A college graduate confesses that one of the most exhausting experiences of her college life was a morning spent in absolute physical inactivity in a student's meeting, but in a state of mental commotion impossible to describe, over an absorbing issue in college politics. "After four hours of that experience," she said, "I was fit for bed, and for nothing else." It requires no great ingenuity to suggest that this tendency in the training of woman which affects her mental and physical health, may be met by remedies addressed to body and mind alike. The education which shall discipline, not eradicate, the emotional susceptibility of women must begin where the gentility of Dr. Holmes's ideal gentleman began, with our great-grandmothers.

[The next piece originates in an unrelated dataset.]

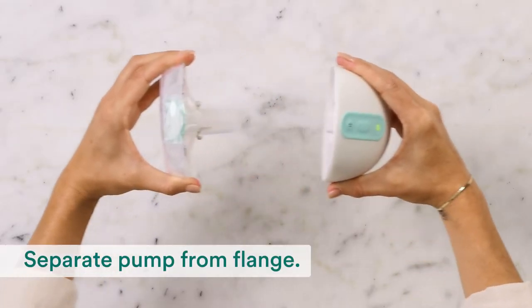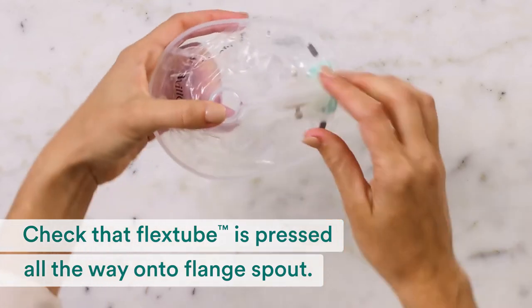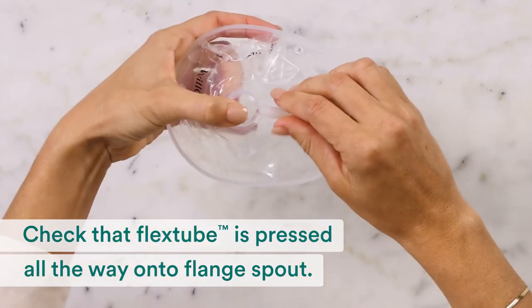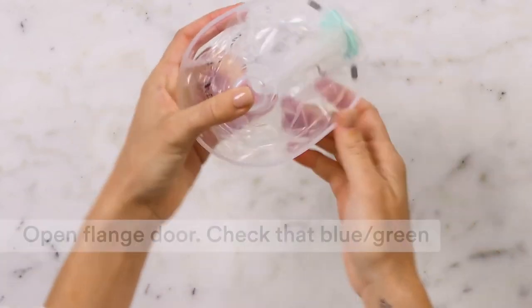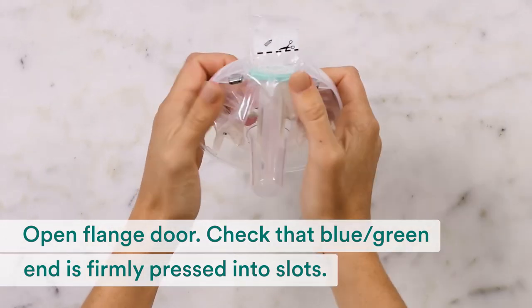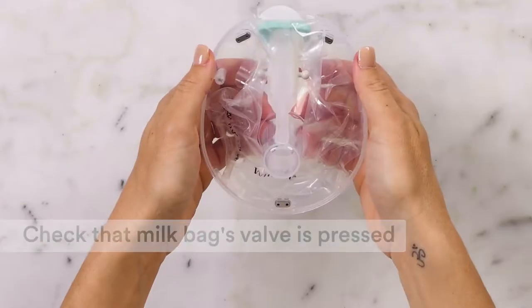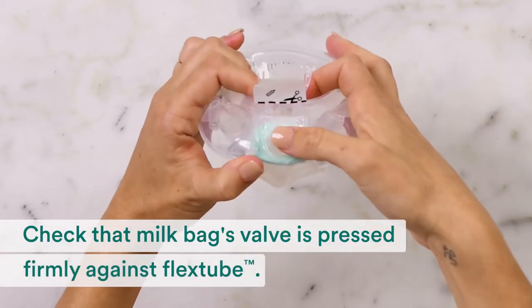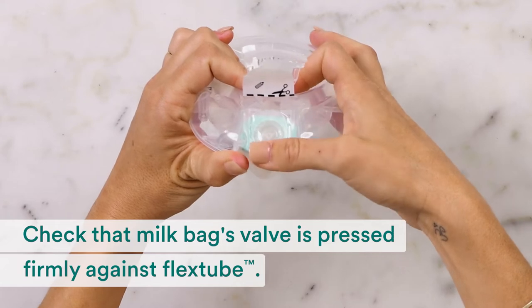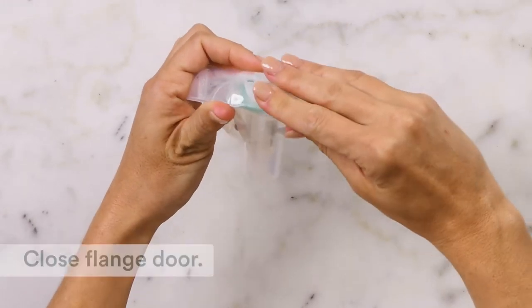First, separate the pump from the flange. Check that the flex tube is pressed all the way onto the flange spout. Open the flange door, and check that the blue-green end is firmly pressed into the slots with an audible click. Check that the milk bag's valve is pressed firmly against the flex tube. Smooth over the milk bag so it's snug against the flex tube, then close the flange door.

Heredity may not be able to shoulder all of the sins of mankind, but, at least, it must bear its share. The coming woman must not only be well-born, she must be bred in more hygienic methods. She must not only possess inherited vigor, she must also be educated nearer to Nature. The genuine child of Nature is not a morbidly emotional child. The girl who lives in the open air, who knows every bird and flower and brook in the neighborhood, has neither time nor inclination to spend in reading the sentimental histories of departed childsaints, and takes small delight in morbid conversation.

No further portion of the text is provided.